▶ [EXERCISE BRIEF] Reading the listing that follows, count the lines where "Black" appears, and answer with only that count.

[THE INPUT]

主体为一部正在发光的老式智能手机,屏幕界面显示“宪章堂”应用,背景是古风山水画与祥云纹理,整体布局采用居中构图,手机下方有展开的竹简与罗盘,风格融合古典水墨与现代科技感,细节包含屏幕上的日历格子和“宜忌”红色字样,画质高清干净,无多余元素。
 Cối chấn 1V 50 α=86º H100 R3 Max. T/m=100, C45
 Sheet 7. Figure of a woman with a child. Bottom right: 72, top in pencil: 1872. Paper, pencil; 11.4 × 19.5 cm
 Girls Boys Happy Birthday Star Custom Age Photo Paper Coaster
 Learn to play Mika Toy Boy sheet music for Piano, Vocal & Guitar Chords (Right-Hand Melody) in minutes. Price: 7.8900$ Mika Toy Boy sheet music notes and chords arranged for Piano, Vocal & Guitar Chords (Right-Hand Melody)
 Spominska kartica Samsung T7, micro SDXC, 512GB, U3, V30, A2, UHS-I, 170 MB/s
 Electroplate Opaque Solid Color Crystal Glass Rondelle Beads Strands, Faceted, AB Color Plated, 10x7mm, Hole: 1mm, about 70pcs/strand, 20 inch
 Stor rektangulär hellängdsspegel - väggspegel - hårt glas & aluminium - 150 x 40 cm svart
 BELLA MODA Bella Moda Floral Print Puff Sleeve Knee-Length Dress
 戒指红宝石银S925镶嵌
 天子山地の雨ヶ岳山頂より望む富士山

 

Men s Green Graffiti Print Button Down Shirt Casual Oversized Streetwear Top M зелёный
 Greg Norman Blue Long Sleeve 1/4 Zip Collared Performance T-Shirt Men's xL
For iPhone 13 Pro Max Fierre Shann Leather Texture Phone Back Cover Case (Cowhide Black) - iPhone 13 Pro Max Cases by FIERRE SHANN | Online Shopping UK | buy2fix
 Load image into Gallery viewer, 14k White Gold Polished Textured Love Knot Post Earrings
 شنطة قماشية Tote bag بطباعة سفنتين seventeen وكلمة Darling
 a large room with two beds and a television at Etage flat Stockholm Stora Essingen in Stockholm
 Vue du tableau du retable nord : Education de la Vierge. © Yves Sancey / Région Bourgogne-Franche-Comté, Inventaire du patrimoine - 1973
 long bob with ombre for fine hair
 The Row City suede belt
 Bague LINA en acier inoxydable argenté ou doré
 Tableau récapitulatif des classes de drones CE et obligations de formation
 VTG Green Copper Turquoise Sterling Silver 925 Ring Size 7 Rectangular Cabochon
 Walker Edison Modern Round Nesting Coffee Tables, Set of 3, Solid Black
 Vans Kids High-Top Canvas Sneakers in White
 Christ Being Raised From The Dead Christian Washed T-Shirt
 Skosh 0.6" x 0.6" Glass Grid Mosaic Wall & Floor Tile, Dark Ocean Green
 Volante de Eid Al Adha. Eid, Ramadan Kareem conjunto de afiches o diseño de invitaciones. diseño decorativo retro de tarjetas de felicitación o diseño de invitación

[/THE INPUT]

▶ [SOLUTION TO THE PROBLEM] 2